Try it =
Begin with the line below holding "Obviously very, very" and go on through the line holding "In this video, I'm", duplicating each line exactly and leaving out pictures.

[Collected data]
- - - -

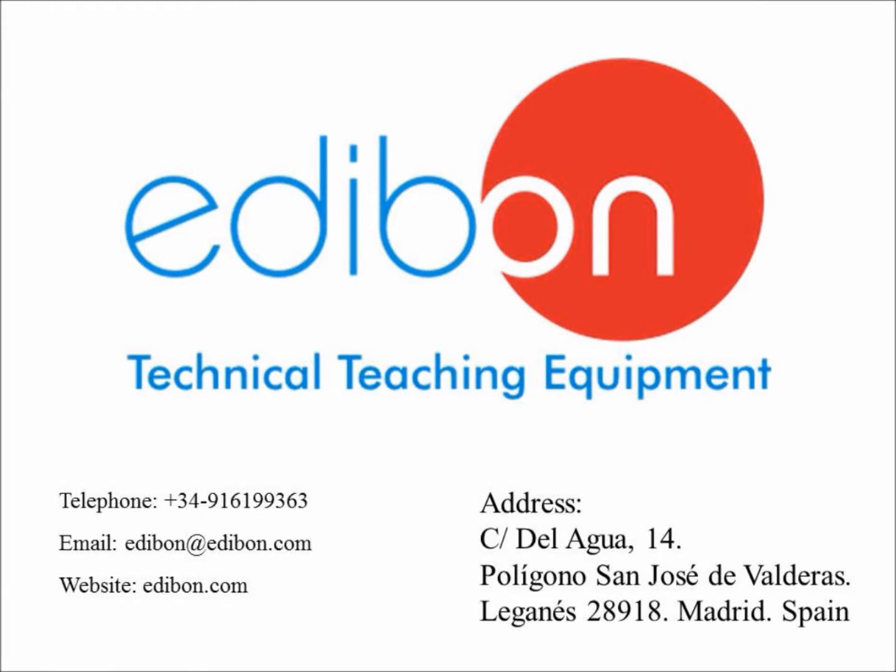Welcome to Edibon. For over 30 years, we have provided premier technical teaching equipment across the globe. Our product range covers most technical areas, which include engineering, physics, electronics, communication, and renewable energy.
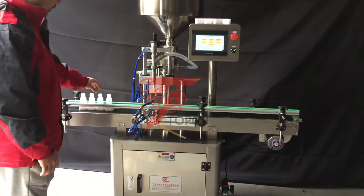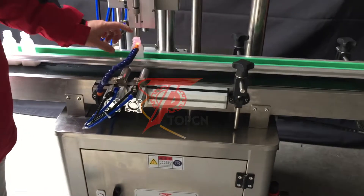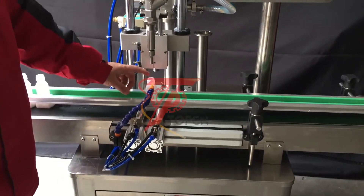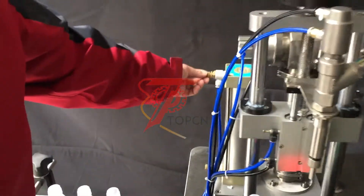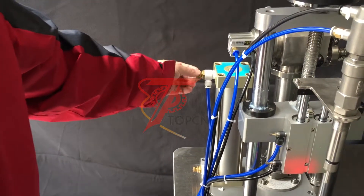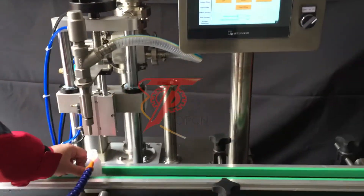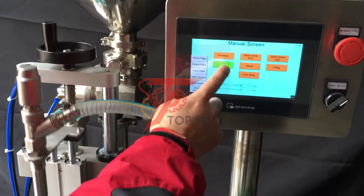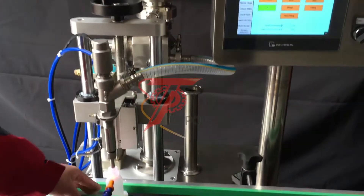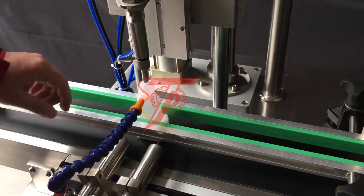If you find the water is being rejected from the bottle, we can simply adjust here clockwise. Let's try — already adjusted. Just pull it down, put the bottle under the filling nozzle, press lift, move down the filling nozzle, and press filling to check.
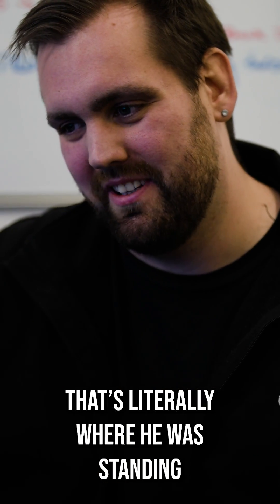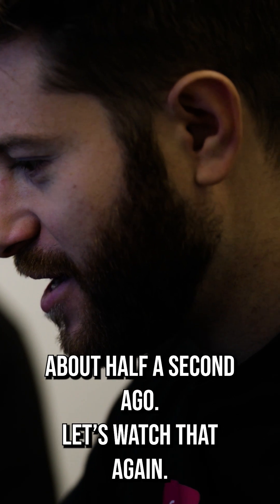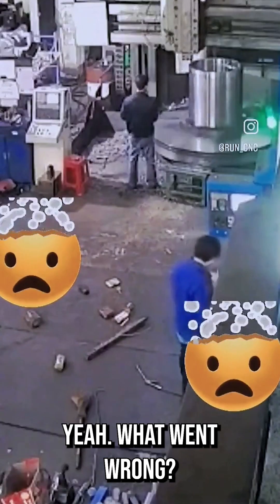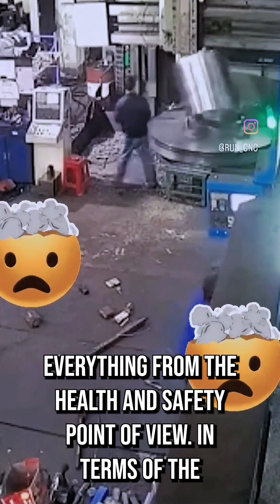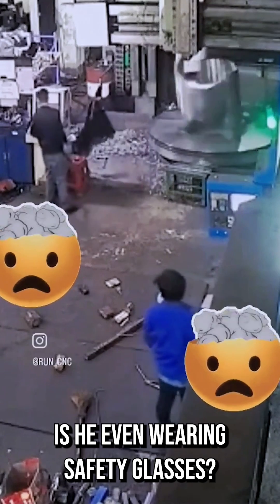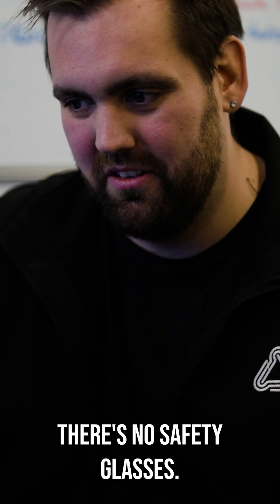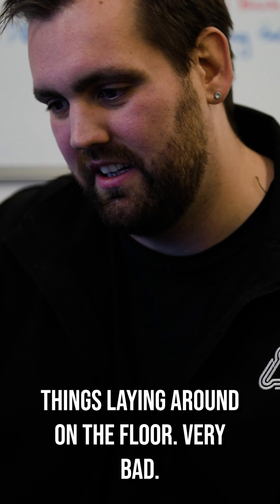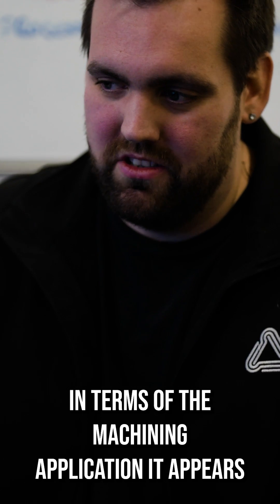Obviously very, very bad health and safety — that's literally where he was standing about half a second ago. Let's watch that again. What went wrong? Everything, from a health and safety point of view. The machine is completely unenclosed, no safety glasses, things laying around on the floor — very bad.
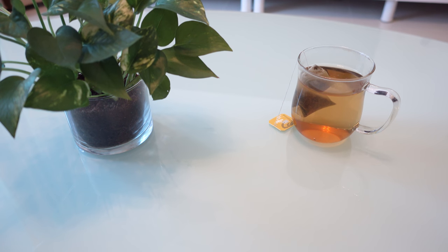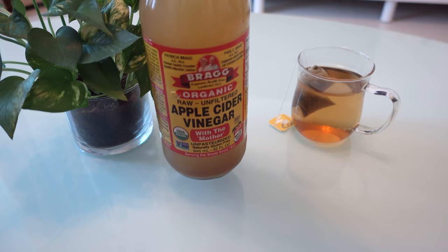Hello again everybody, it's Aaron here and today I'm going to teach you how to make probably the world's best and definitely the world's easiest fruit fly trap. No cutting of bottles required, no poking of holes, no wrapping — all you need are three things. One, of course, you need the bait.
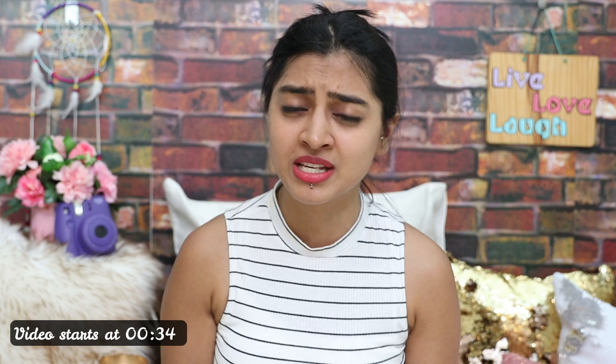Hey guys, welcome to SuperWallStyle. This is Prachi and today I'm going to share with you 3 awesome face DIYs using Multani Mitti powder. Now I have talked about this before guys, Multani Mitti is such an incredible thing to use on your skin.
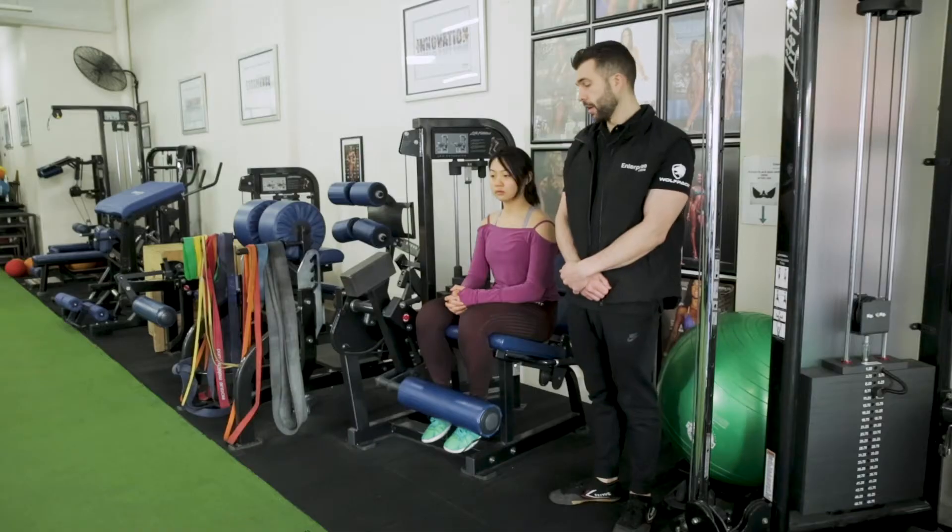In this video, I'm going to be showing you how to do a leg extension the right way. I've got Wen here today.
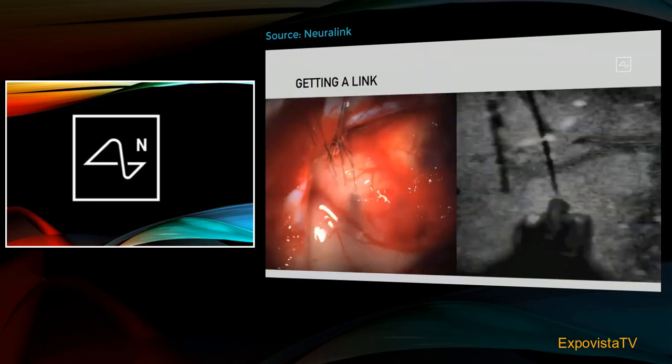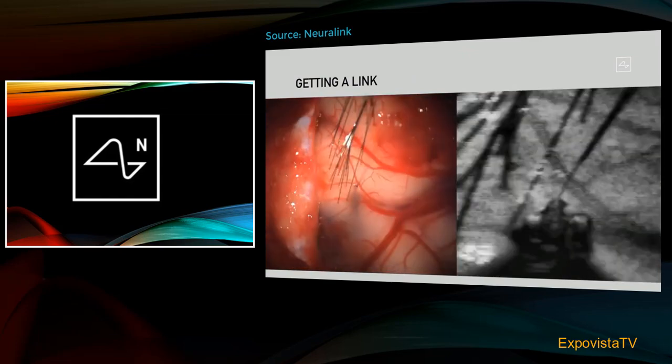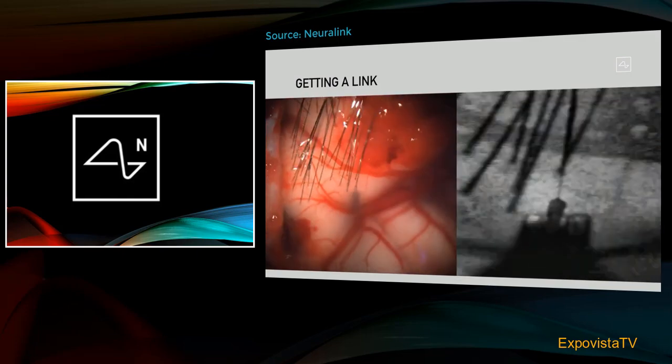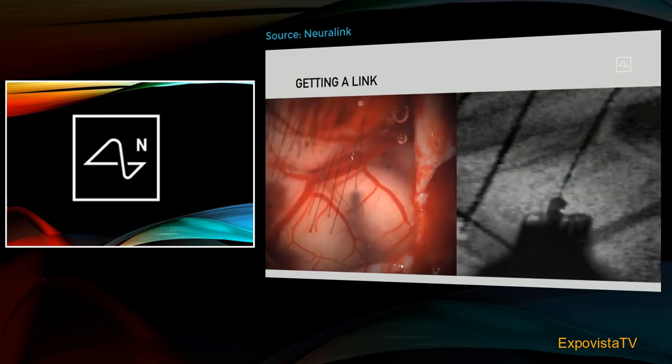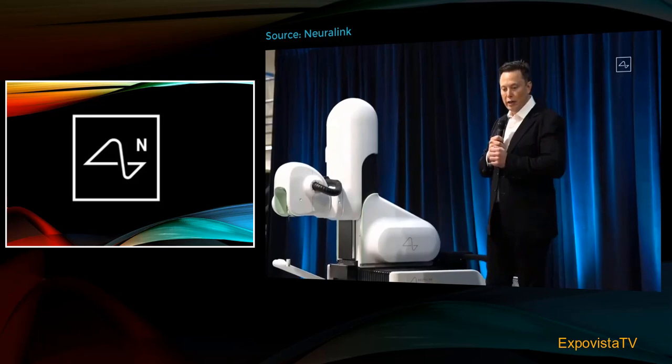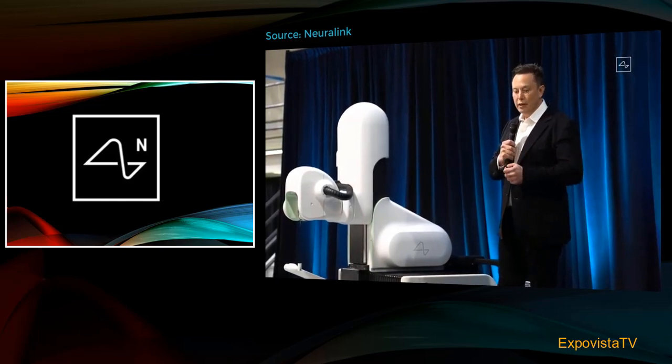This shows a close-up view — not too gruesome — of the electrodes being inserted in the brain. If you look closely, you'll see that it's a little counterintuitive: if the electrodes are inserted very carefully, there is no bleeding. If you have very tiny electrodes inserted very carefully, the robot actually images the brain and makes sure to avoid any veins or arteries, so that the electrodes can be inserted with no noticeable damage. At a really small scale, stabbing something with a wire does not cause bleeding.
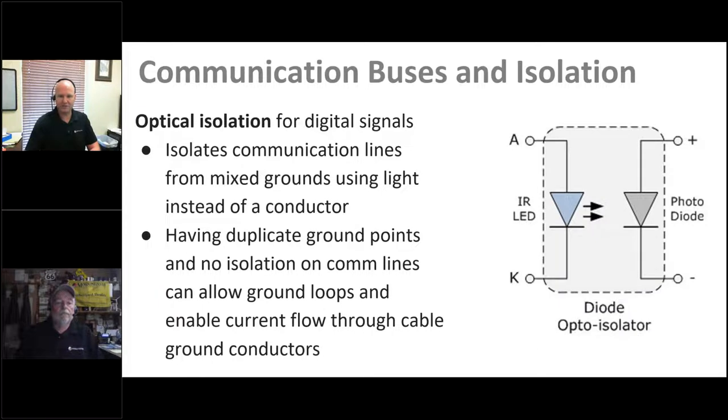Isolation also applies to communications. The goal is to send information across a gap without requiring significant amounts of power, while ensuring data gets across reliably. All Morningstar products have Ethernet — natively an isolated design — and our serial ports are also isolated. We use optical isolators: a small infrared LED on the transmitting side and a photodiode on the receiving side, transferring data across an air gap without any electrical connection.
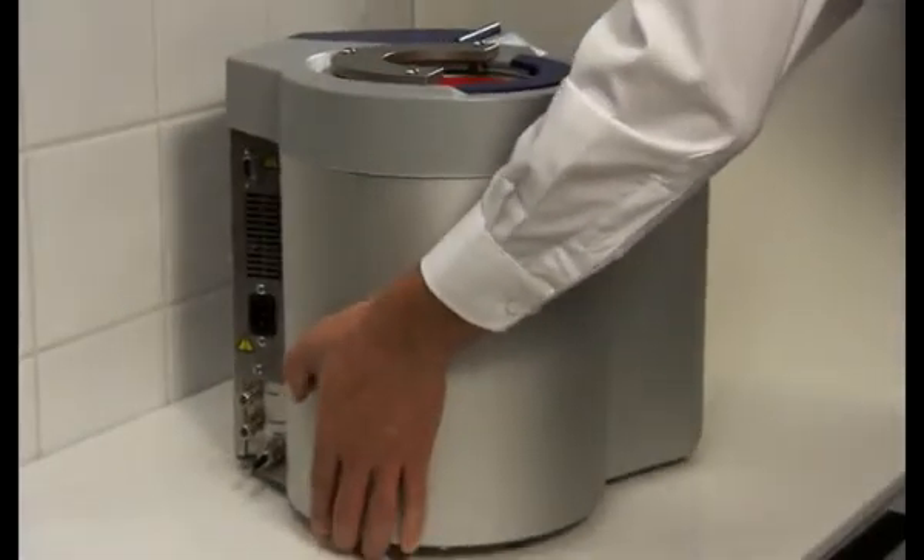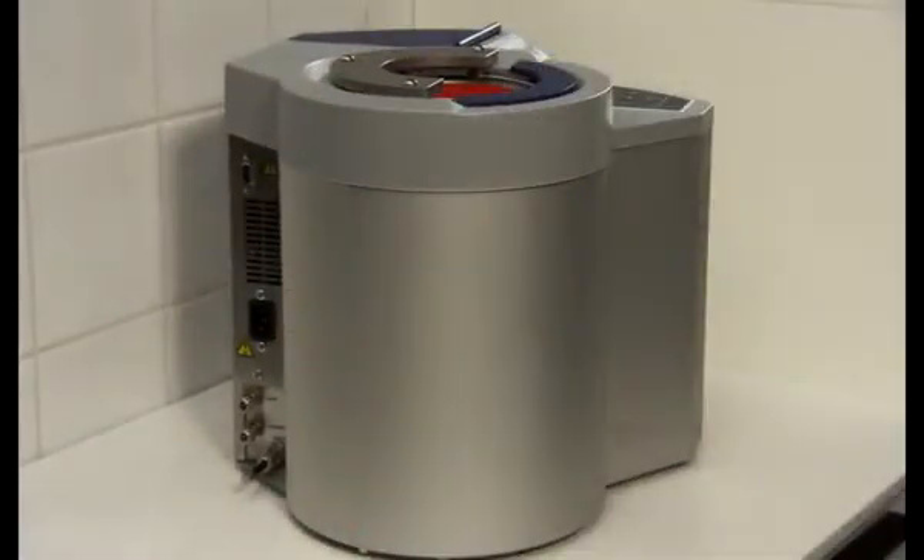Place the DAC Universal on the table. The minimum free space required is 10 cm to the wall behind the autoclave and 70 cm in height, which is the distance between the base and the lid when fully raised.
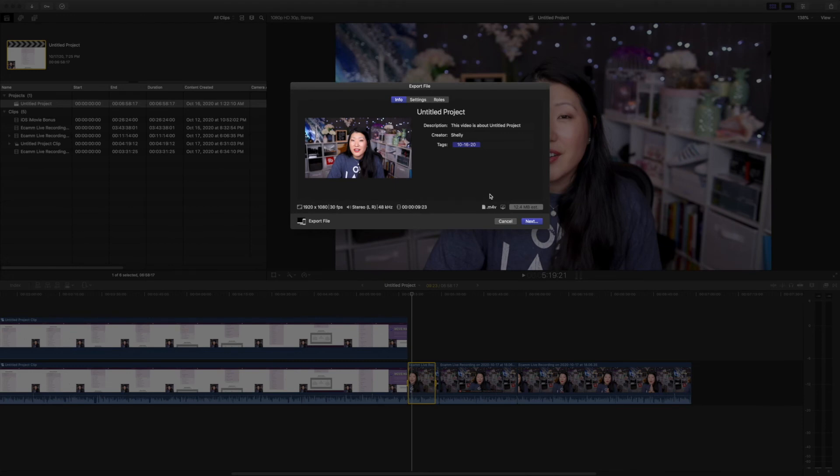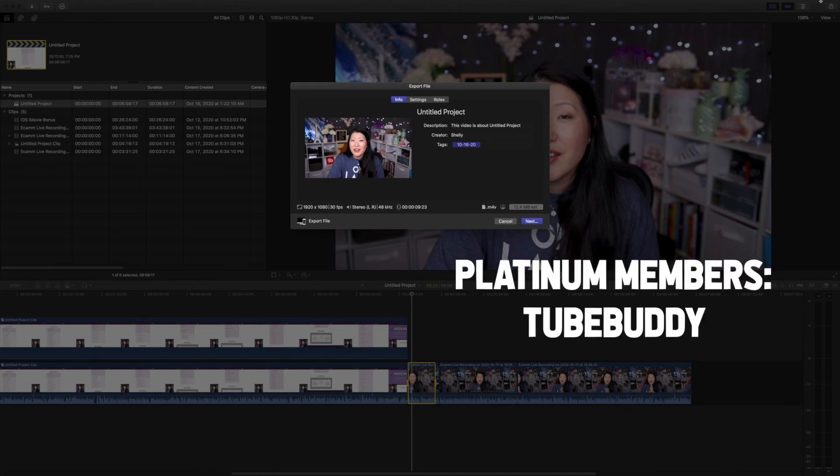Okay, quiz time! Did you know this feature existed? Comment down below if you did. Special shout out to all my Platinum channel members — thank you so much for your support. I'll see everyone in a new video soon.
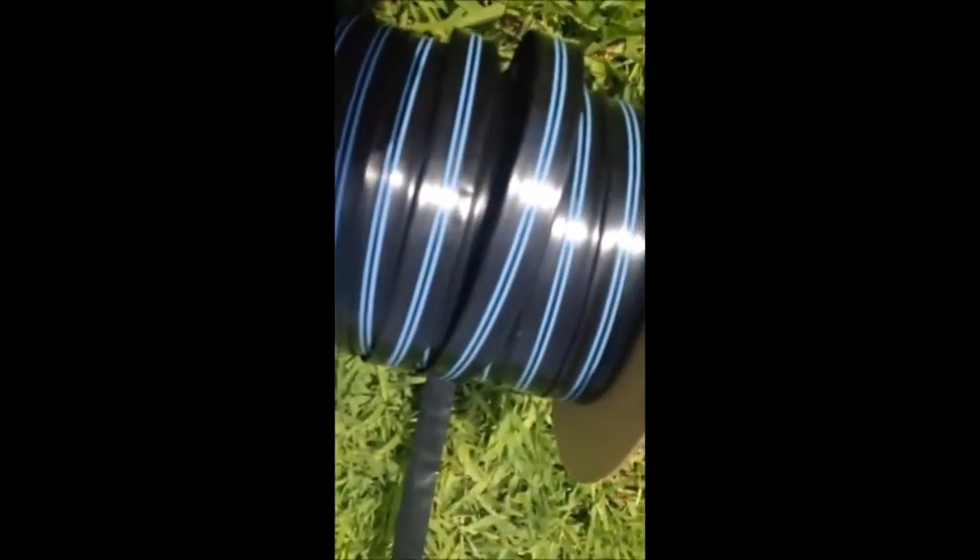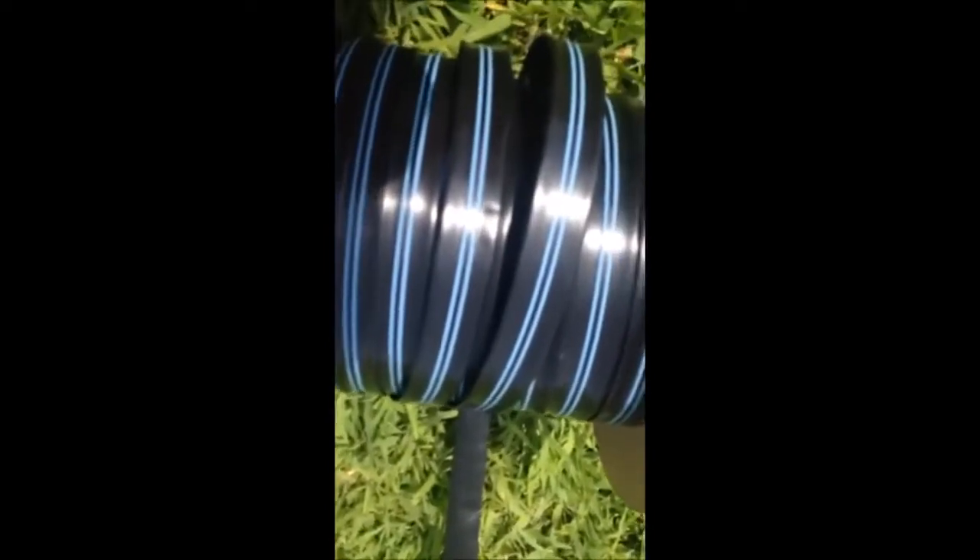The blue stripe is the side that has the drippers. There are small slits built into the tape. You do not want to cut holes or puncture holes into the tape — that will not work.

- - - -

Your solution =
Obviously very, very bad health and safety — that's literally where he was standing about half a second ago. Let's watch that again. What went wrong? Everything, from a health and safety point of view. The machine is completely unenclosed, no safety glasses, things laying around on the floor — very bad.
Hello again everybody, it's Aaron here and today I'm going to teach you how to make probably the world's best and definitely the world's easiest fruit fly trap. No cutting of bottles required, no poking of holes, no wrapping — all you need are three things. One, of course, you need the bait.
Hey guys, welcome to SuperWallStyle. This is Prachi and today I'm going to share with you 3 awesome face DIYs using Multani Mitti powder. Now I have talked about this before guys, Multani Mitti is such an incredible thing to use on your skin.
In this video, I'm going to be showing you how to do a leg extension the right way. I've got Wen here today.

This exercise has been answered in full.